Icons Images and Idols
The representation of gods, saints, and heroes, of mythic events and of formative historical events, has been a widespread phenomenon in the history of religion. Conventional notions suggest that some religions, for example Islam and prophetic Judaism, are aniconic, meaning that they are against the use of idols or images. At the iconic end of the spectrum we find Mahayana Buddhism and Hinduism, traditions in which images articulate, order, and fill the sacred spaces of both temple and home. Scholars who adopt such a schematic approach place Protestantism, Vedaism, and ancient Buddhism toward the aniconic end of the scale and Roman Catholicism, Eastern Orthodoxy, and the religions of ancient Egypt, Greece, and Rome toward the iconic end.
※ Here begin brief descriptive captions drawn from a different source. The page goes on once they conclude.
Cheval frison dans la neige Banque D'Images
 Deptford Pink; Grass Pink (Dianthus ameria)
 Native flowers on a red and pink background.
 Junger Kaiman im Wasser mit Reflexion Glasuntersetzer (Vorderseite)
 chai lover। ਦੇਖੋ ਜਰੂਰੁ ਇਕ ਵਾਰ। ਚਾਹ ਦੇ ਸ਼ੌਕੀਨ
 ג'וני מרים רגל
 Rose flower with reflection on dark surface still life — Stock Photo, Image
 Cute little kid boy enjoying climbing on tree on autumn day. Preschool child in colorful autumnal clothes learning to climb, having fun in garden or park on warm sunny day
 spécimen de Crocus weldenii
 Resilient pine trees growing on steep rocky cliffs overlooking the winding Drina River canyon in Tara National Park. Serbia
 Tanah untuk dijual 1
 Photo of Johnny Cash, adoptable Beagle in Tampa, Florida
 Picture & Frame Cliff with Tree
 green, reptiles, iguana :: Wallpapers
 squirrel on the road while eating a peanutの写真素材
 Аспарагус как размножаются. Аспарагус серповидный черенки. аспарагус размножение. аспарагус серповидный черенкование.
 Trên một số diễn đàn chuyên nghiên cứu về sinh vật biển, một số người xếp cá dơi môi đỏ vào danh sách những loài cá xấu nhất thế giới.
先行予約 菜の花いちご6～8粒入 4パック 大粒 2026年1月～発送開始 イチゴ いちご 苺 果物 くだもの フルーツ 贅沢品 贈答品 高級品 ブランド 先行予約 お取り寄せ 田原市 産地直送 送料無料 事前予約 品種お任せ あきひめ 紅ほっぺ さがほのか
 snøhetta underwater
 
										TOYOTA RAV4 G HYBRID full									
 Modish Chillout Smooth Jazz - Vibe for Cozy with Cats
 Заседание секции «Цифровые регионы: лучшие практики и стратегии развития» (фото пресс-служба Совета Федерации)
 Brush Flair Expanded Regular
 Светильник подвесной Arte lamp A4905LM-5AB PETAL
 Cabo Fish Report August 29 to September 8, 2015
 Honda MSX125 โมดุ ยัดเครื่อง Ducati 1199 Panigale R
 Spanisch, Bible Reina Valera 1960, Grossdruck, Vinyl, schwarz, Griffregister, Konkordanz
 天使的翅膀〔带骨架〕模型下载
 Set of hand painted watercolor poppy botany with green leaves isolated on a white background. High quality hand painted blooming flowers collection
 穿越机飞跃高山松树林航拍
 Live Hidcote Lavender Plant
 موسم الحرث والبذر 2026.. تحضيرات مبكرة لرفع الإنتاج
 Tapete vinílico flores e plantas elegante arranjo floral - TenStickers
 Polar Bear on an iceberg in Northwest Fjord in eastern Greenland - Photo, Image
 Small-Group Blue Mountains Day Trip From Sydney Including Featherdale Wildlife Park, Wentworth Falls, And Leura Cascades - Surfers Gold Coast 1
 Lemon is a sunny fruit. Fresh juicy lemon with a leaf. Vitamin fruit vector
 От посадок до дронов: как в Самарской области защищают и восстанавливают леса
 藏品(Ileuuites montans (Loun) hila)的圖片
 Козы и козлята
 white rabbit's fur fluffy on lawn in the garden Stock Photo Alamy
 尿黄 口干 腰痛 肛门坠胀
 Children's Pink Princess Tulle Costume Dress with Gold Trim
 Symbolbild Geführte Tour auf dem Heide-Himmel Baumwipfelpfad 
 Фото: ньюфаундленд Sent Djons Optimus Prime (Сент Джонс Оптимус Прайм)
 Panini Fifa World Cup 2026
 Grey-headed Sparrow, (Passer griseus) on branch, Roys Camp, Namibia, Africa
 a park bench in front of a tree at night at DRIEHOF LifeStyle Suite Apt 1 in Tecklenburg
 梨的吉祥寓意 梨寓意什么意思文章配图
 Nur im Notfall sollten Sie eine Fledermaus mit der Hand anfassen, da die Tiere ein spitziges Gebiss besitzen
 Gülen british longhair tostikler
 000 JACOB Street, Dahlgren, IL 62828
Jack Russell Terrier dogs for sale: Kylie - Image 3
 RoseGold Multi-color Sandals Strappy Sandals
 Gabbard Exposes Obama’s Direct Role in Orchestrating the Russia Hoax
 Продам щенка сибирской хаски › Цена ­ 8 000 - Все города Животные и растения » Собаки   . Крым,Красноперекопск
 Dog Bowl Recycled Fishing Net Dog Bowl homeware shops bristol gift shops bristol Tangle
The historical study of religion, however, has shown that the understanding and use of images have been complex and have shifted in emphasis in various periods. Hinduism and its daughter Buddhism both appear to have started out without the use of images and grew into iconic faiths over many generations. The phenomenological study of religion shows that the veneration of images by a devout woman or man may vary, even dramatically, from what is said about the importance of the image or even about its sacred character. Theravada Buddhists, for example, may say that the image of the Buddha is simply a "representation" and that the historical Buddha died like any other person and is therefore obviously not present in any way in the image. Yet, they bow with reverence and make offerings to statues of the Buddha even if they encounter them in unexpected places far outside the traditional environment of the sacred. In a given tradition at any given moment, one often finds that the attitude toward images runs a remarkable spectrum of belief. Among Orthodox Christians entering a church for the Divine Liturgy on a Sunday morning, there will be many who take candles to the front of the church and offer them in memory as they pause to pray before the icons. Some will speak of the icon as miraculous while their neighbor will note its pedagogical role as a visual scripture or hagiography and others will say the icon is a "window of divine grace" or, in the case of the icon of Jesus Christ, an "embodiment of God" and witness to the Incarnation.
The image may also be understood as divine. Stilpo, a fourth-century- B.C.E. citizen of Athens, was banished for teaching that the Greek sculptor Phidias's statue of Athena was not a goddess, and the ninth-century South Indian mystic Andal is said to have married an image of Vishnu and miraculously been absorbed into the God's embrace. Images may become divine when they are initiated in and through a ritual. When images arrive for installation in Hindu temples they are initiated through the ritual of prana partista, and the "breath of God enters them" never to be removed. In ancient Egypt the high priest would enter the temple chamber in the morning ritual and take the statue of the god from its resting place, clean, clothe, and feed the deity and then retire from this most holy place until the following morning.
Perhaps one of the most widespread practices is the use of images as a focus for veneration with a clear sense that they function as a reminder of the deity's characteristics, inviting one to offer both one's struggles and joys, concerns and thankfulness, through prayer, meditation, or devotion. For the devotees the image is a way of engaging the holy. This, of course, makes the image sacred but not in and of itself a deity.